#### EXERCISE DIRECTIONS:
What appears from the line containing "Old Yellow/Giallo Antico" to the end of the listing below should be copied exactly, with no other lines.

#### DATA SHOWN:
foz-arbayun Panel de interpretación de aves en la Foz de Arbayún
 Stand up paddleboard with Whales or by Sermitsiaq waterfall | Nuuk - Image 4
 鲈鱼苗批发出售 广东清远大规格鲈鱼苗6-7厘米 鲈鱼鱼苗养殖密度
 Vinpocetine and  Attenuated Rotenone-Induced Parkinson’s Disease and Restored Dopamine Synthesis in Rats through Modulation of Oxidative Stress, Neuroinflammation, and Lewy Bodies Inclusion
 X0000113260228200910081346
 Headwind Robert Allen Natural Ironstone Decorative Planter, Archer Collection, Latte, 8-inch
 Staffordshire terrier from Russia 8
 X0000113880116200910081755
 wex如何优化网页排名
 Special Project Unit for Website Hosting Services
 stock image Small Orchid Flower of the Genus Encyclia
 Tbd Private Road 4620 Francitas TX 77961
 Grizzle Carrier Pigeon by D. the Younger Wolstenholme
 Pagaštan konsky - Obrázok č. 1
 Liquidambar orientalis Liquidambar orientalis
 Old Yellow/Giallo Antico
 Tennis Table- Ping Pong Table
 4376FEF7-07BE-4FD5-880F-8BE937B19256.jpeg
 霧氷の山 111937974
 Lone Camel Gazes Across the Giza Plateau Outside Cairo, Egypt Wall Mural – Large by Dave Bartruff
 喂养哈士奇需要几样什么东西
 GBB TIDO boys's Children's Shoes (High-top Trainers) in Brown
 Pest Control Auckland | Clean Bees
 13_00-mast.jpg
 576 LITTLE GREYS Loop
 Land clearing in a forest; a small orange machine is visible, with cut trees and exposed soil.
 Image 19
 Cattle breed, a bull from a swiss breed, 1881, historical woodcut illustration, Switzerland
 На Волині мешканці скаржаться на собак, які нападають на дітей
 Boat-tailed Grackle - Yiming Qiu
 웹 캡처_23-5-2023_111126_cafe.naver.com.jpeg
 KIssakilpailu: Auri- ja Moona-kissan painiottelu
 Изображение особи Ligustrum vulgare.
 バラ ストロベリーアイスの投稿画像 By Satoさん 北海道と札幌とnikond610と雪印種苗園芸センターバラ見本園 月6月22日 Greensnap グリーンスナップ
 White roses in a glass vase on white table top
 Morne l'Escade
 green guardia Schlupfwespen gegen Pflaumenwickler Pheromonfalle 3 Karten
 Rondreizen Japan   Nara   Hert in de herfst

#### RESULT OF THIS EXERCISE:
 Old Yellow/Giallo Antico
 Tennis Table- Ping Pong Table
 4376FEF7-07BE-4FD5-880F-8BE937B19256.jpeg
 霧氷の山 111937974
 Lone Camel Gazes Across the Giza Plateau Outside Cairo, Egypt Wall Mural – Large by Dave Bartruff
 喂养哈士奇需要几样什么东西
 GBB TIDO boys's Children's Shoes (High-top Trainers) in Brown
 Pest Control Auckland | Clean Bees
 13_00-mast.jpg
 576 LITTLE GREYS Loop
 Land clearing in a forest; a small orange machine is visible, with cut trees and exposed soil.
 Image 19
 Cattle breed, a bull from a swiss breed, 1881, historical woodcut illustration, Switzerland
 На Волині мешканці скаржаться на собак, які нападають на дітей
 Boat-tailed Grackle - Yiming Qiu
 웹 캡처_23-5-2023_111126_cafe.naver.com.jpeg
 KIssakilpailu: Auri- ja Moona-kissan painiottelu
 Изображение особи Ligustrum vulgare.
 バラ ストロベリーアイスの投稿画像 By Satoさん 北海道と札幌とnikond610と雪印種苗園芸センターバラ見本園 月6月22日 Greensnap グリーンスナップ
 White roses in a glass vase on white table top
 Morne l'Escade
 green guardia Schlupfwespen gegen Pflaumenwickler Pheromonfalle 3 Karten
 Rondreizen Japan   Nara   Hert in de herfst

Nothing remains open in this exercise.